> [DIRECTIONS FOR THIS TASK]
Repeat each entry as written, dropping any picture you find.

===

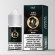 MINI SHOT - TNT Vape - Oro Nero Bidistillati di caffè - CORRETTO ANICE - aroma 10+10 in flacone da 30ml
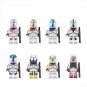Imperial Army Imperial Stormtrooper Minifigures Lego Compatible Imperi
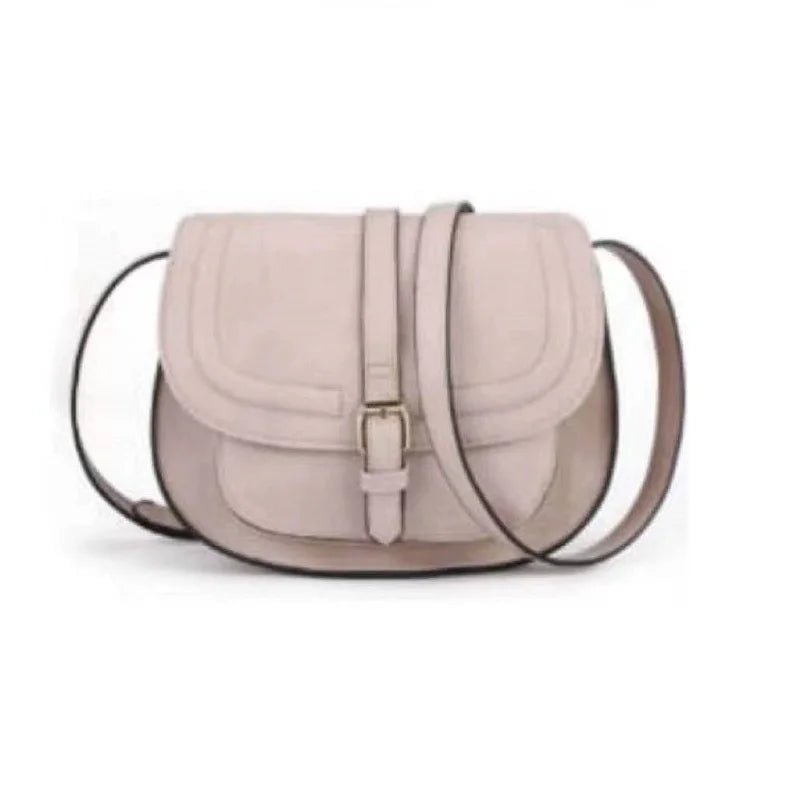 Designer Famous Brands Saddle Bag Women's Crossbody Shoulder Handbag Fashionable Handbags and Purses - Zeprah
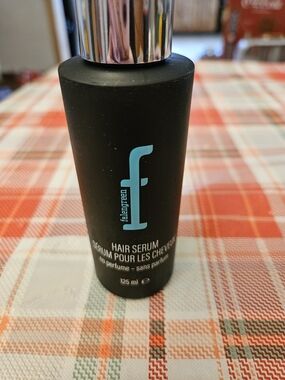 FallenGreen Hair Serum - Black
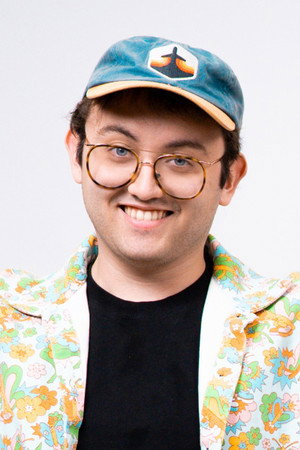 Ben Doyle portrait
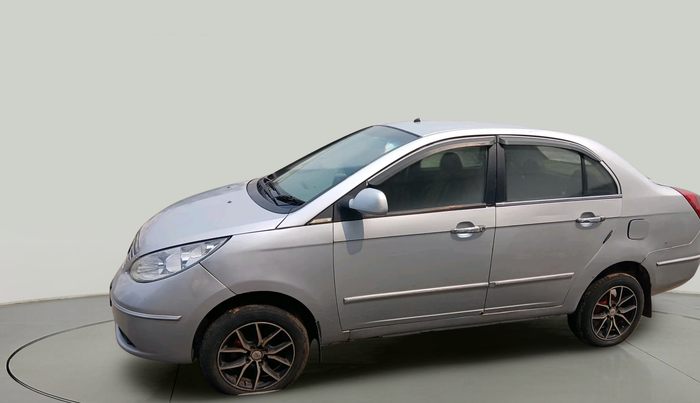 2010 Tata Indigo V BS-III, Diesel, Manual, 1,01,688 km, exterior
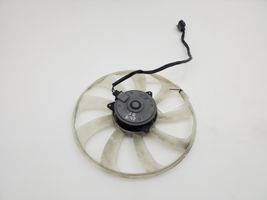 Toyota Avensis T270 Radiator cooling fan shroud 163610R030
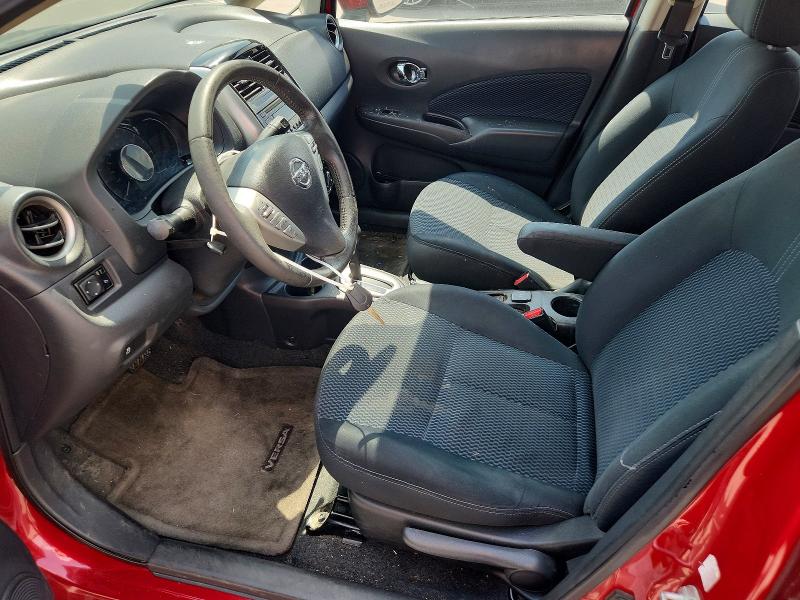 2015 Nissan Versa Note მანქანა იყიდება აუქციონზე, vin: 3N1CE2CP6FL367549, აუქციონის ნომერი: 63917396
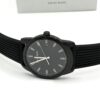Calvin Klein Swiss Made Quartz Black Dial Men's Watch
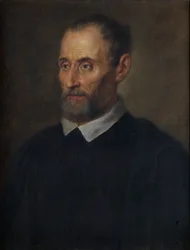 Portrait de Govaert Wendelen 1580-1667, vers 1650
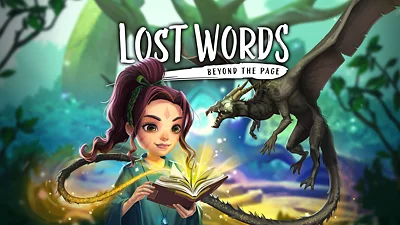 Lost Words: Beyond the Page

===

> [WRITTEN RESPONSE]
 MINI SHOT - TNT Vape - Oro Nero Bidistillati di caffè - CORRETTO ANICE - aroma 10+10 in flacone da 30ml
Imperial Army Imperial Stormtrooper Minifigures Lego Compatible Imperi
 Designer Famous Brands Saddle Bag Women's Crossbody Shoulder Handbag Fashionable Handbags and Purses - Zeprah
 FallenGreen Hair Serum - Black
 Ben Doyle portrait
 2010 Tata Indigo V BS-III, Diesel, Manual, 1,01,688 km, exterior
 Toyota Avensis T270 Radiator cooling fan shroud 163610R030
 2015 Nissan Versa Note მანქანა იყიდება აუქციონზე, vin: 3N1CE2CP6FL367549, აუქციონის ნომერი: 63917396
Calvin Klein Swiss Made Quartz Black Dial Men's Watch
 Portrait de Govaert Wendelen 1580-1667, vers 1650
 Lost Words: Beyond the Page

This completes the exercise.